──────── GIVEN INFORMATION ────────

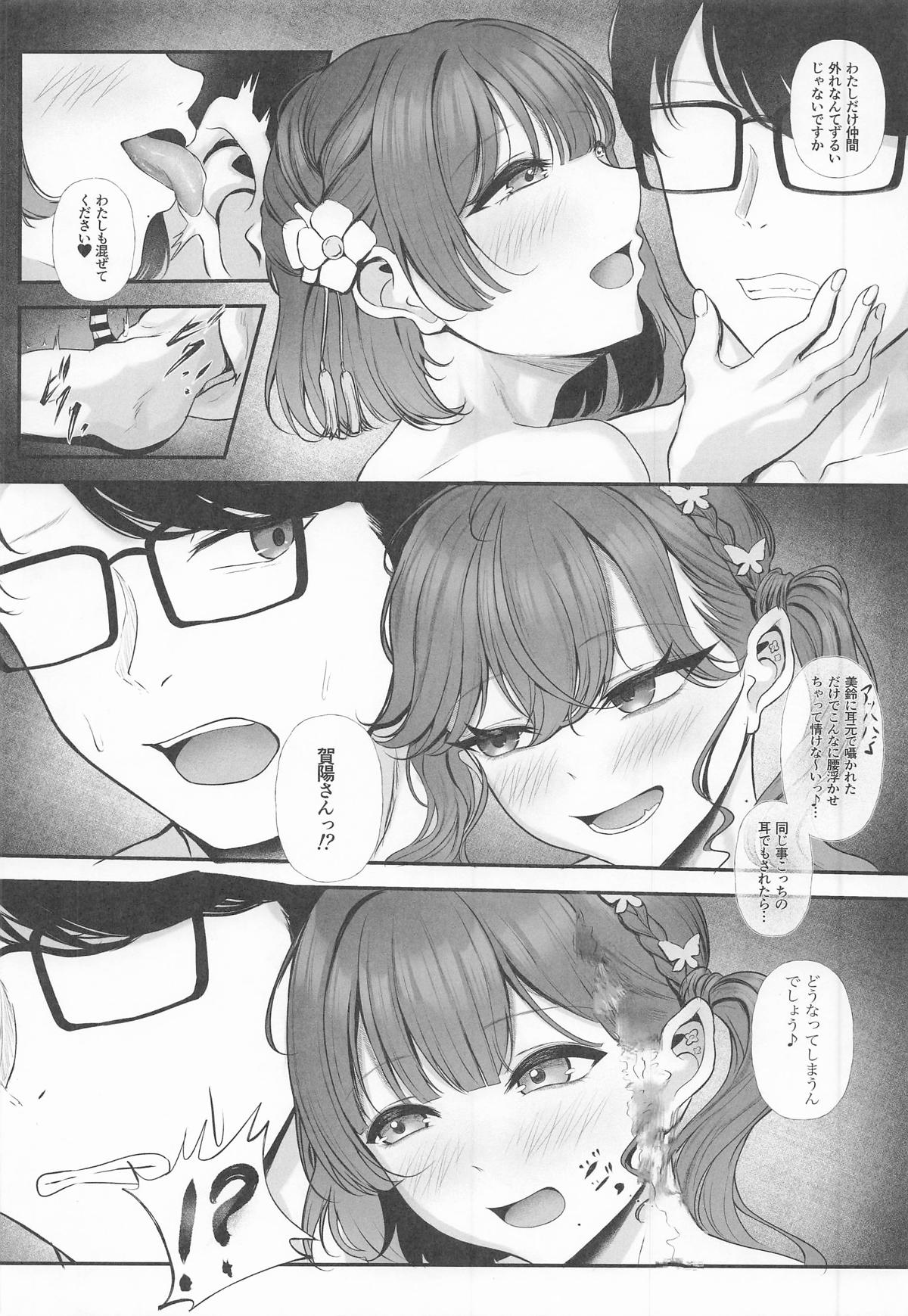 Syng Fxxk! II - Page 9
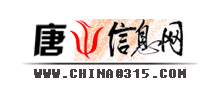 唐山信息网Logo
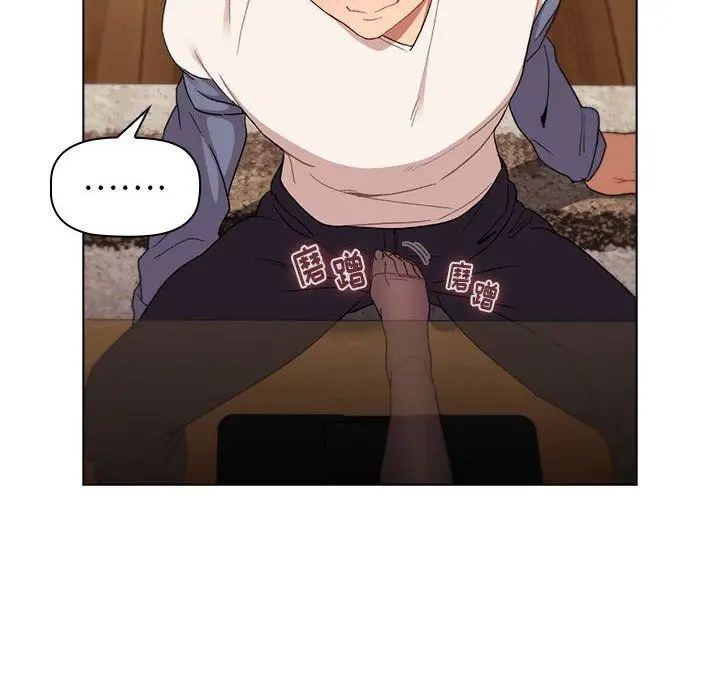 漫画《分组换换爱》第17话第134张图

────────

• **BRIEF**
Retype the full listing above precisely. Exclude each picture you find in it.

• **TASK ANSWER**
 Syng Fxxk! II - Page 9
 唐山信息网Logo
 漫画《分组换换爱》第17话第134张图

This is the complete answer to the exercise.